Would you please return only the lines from the one with "as de pala simple" through the last line of the records below, leaving the pictures out?

»»

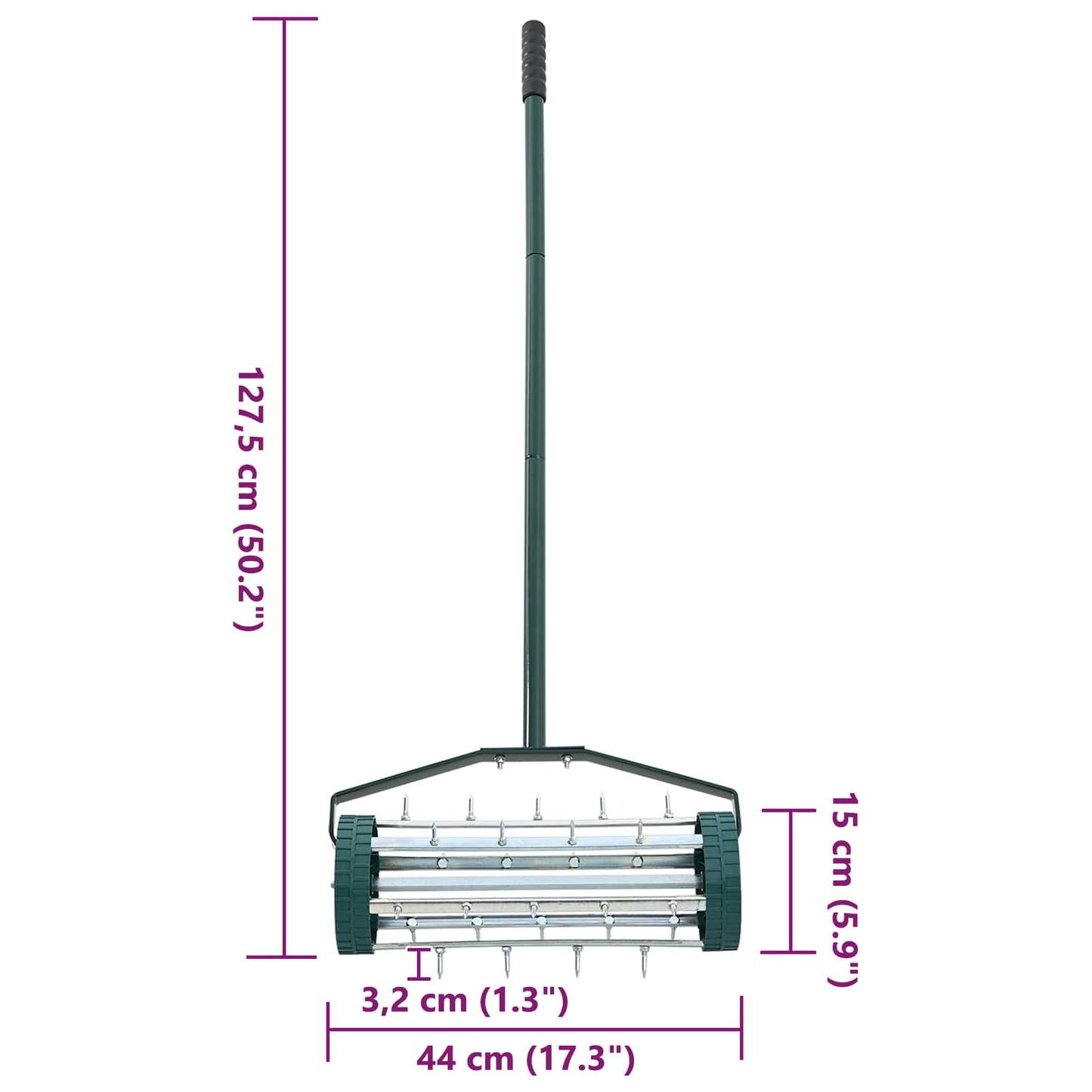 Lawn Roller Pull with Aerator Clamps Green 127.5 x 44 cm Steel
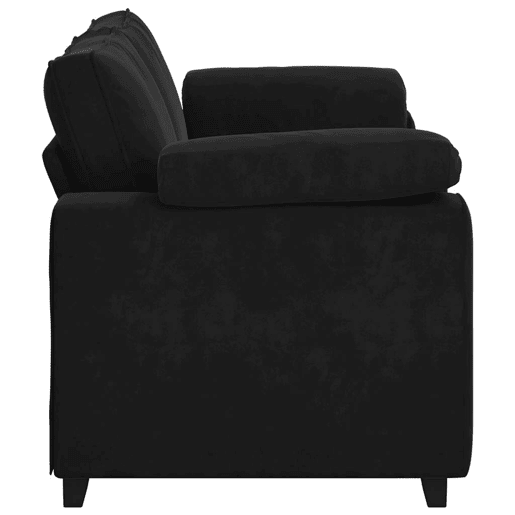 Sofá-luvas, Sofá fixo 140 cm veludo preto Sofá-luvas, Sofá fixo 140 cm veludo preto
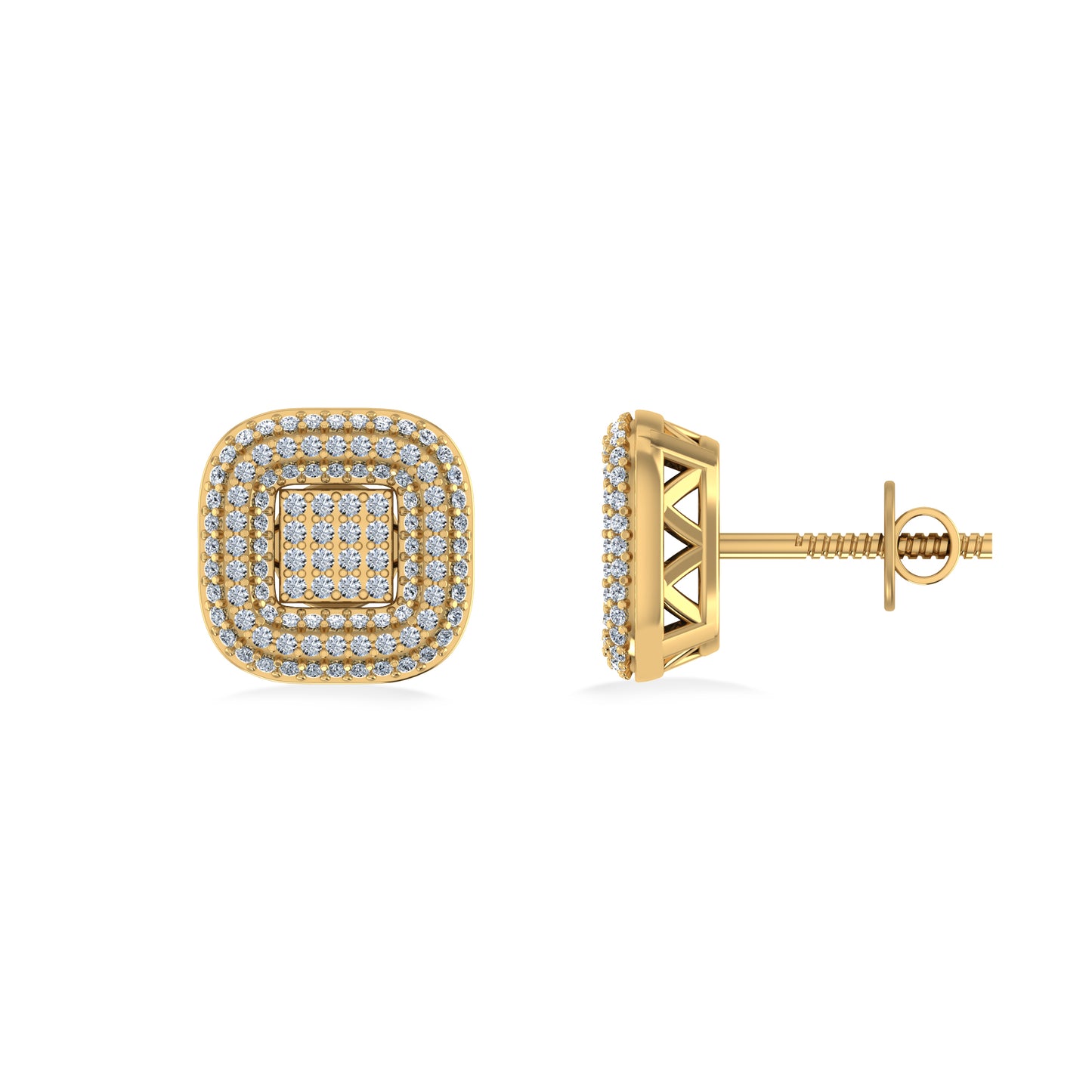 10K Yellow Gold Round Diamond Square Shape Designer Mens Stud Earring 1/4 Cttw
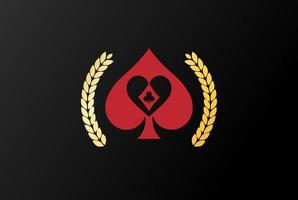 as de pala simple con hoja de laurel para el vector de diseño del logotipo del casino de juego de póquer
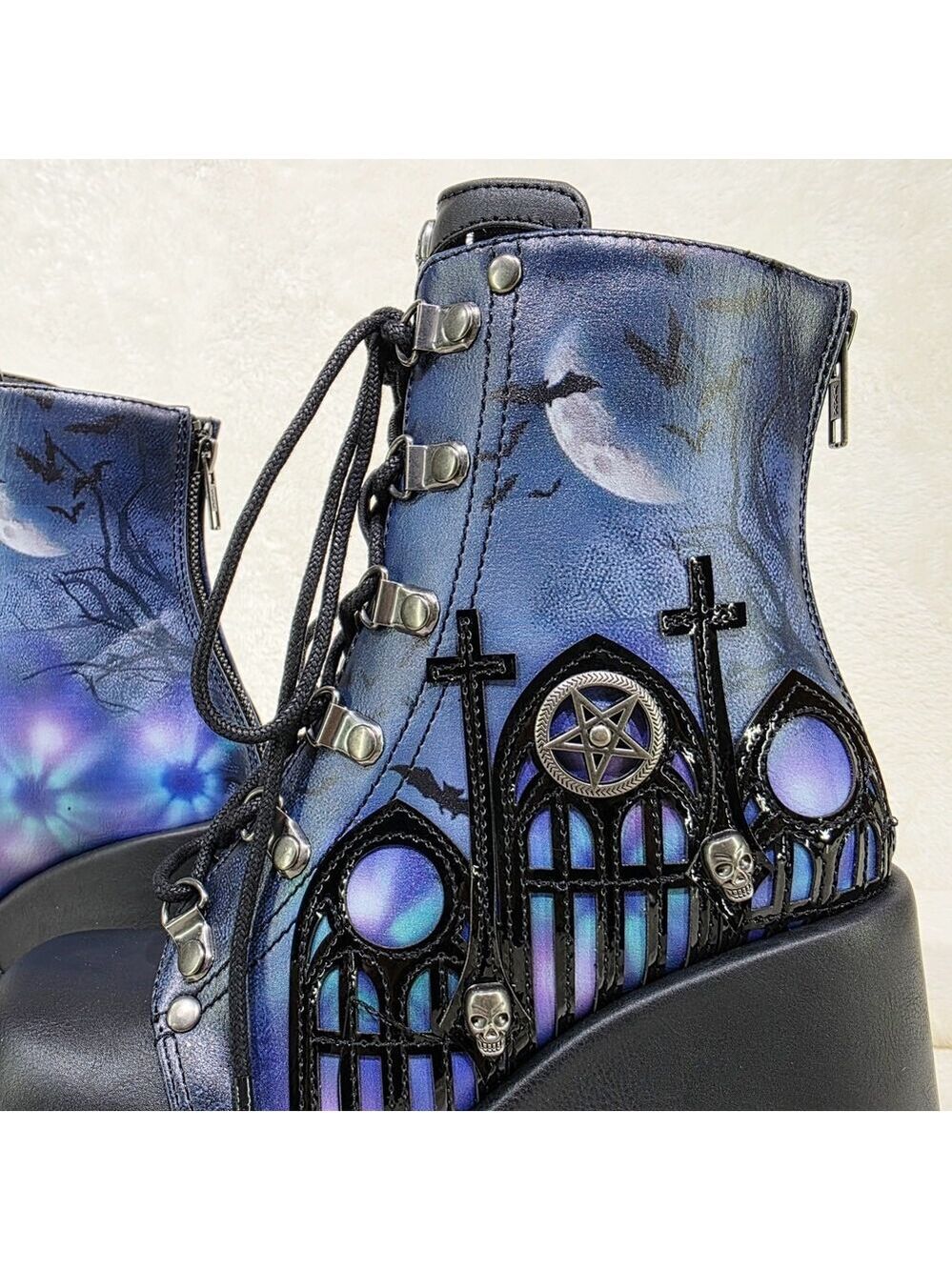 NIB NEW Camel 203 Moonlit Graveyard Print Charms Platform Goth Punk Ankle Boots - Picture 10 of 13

««

▸ **Answer box**
 as de pala simple con hoja de laurel para el vector de diseño del logotipo del casino de juego de póquer
 NIB NEW Camel 203 Moonlit Graveyard Print Charms Platform Goth Punk Ankle Boots - Picture 10 of 13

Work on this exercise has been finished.